Stuart Broad set the tone with elegant boundaries off Peter Siddle, but he became the second Englishman to be deceived by Mitchell Johnson's slower ball.
Broad could consider himself slightly unlucky in that the ball deflected off his thigh pad, but rather than the tail being mopped up, Graeme Swann reminded us of why he is used as a pinch-hitter at Nottinghamshire.
He even played a switch hit as he and James Anderson plundered the Australian bowlers, who conceded 78 runs from the first 11 overs of the day - Hauritz's two overs cost 26, including four byes. With the crowd baying, the onslaught continued as the last three wickets added 99 in 16.5 overs.

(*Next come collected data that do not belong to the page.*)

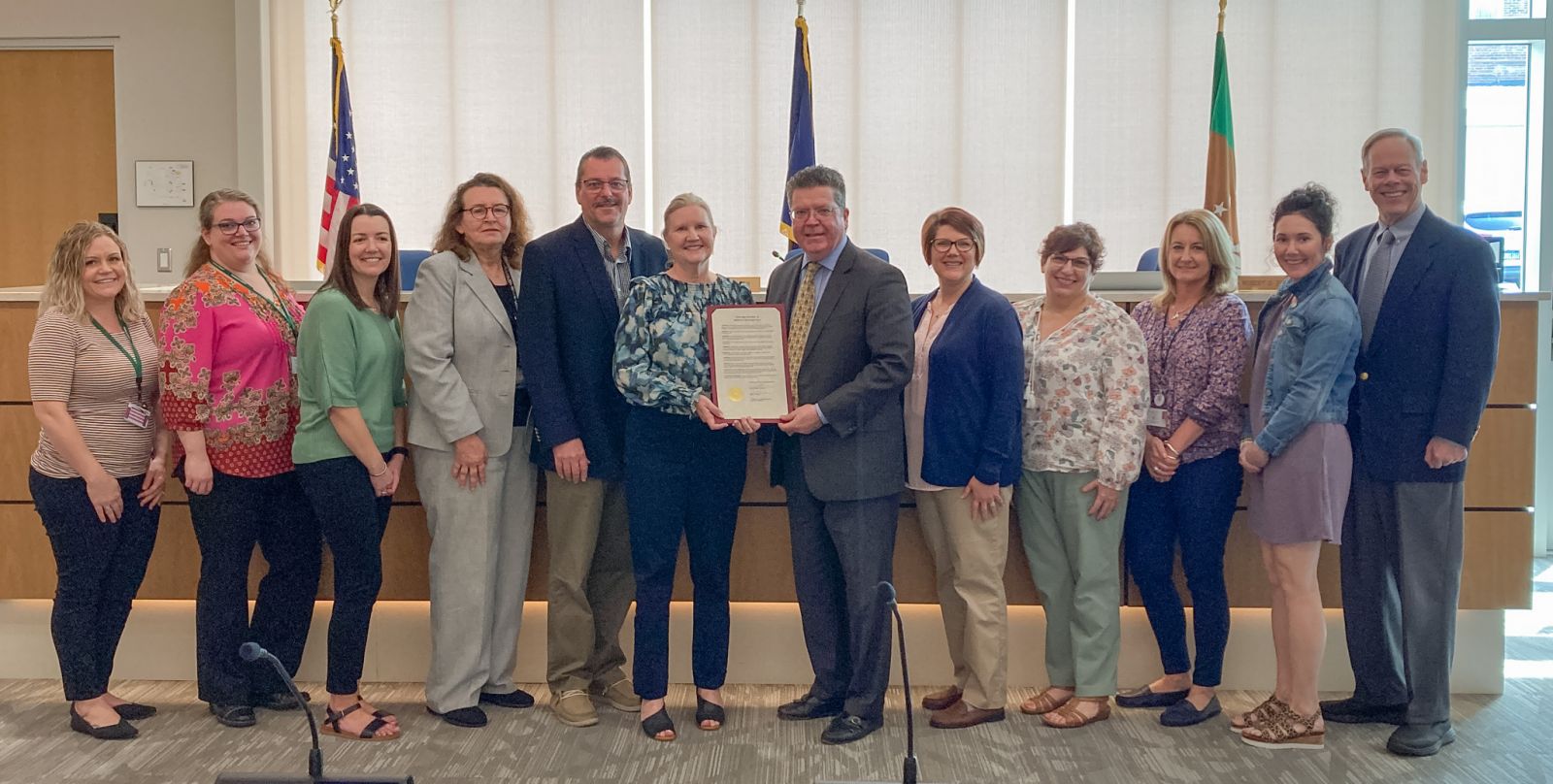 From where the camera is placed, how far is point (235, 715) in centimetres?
336

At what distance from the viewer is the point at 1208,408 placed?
324 cm

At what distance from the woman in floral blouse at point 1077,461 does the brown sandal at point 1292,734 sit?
425 mm

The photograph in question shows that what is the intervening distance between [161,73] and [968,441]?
5.49 meters

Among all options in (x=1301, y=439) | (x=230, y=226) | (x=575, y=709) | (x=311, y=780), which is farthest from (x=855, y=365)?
(x=230, y=226)

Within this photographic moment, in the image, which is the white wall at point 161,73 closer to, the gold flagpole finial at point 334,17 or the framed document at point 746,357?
the gold flagpole finial at point 334,17

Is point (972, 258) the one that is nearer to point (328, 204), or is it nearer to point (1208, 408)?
point (1208, 408)

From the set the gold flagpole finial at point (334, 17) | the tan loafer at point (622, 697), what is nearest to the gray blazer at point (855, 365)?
the tan loafer at point (622, 697)

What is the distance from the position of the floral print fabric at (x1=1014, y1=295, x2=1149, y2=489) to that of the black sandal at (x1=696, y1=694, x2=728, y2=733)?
3.78ft

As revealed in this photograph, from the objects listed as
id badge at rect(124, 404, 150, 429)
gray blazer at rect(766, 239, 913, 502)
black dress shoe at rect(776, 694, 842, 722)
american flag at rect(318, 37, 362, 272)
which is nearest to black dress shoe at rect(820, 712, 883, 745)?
black dress shoe at rect(776, 694, 842, 722)

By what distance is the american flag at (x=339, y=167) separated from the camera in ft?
20.0

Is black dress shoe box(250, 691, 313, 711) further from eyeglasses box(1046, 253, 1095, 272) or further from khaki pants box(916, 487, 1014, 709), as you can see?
eyeglasses box(1046, 253, 1095, 272)

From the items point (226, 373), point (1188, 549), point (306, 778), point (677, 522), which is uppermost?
point (226, 373)

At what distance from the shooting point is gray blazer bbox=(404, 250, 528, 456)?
3203 mm

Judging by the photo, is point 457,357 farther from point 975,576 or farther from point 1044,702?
point 1044,702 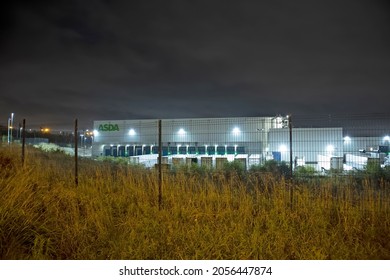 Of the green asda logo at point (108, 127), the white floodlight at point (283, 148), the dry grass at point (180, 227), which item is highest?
the green asda logo at point (108, 127)

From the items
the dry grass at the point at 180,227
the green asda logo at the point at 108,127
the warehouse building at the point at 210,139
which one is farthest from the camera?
the green asda logo at the point at 108,127

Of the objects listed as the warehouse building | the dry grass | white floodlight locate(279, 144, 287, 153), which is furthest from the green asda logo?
the dry grass

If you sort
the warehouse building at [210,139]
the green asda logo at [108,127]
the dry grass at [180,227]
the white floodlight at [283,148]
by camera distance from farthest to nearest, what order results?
the green asda logo at [108,127], the white floodlight at [283,148], the warehouse building at [210,139], the dry grass at [180,227]

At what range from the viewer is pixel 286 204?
5008mm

Credit, therefore, to Simon Katich and Philip Hughes as they safely negotiated the eight overs before lunch, with Hughes giving us more than just a glimpse of his highly unusual technique, with some crashing blows through the off side.
Were he a tail-ender, you would assume that his movement to leg betrayed a fear of fast bowling and, as Steve Harmison discovered at Worcester, he does not look comfortable against the short ball.
But it was only after the break that England got after him. Inevitably it was Andrew Flintoff who roughed him up from round the wicket in a thrilling contest. Finally the inside edge was found as Hughes wafted once too often and Matt Prior took a really good diving catch. Flintoff 1, Hughes 0.
But England's optimism was carefully and methodically brushed aside by Katich and Ponting. England's spinners did not find the turn and bounce that even Hauritz discovered, albeit erratically, while Broad and Anderson looked ineffective on the slow pitch.
Ponting passed 11,000 runs in Tests, while Katich continued his tremendous form since converting to an opening bat. Both reached their centuries shortly before the close, and clearly England need to separate them as early as possible on the third morning.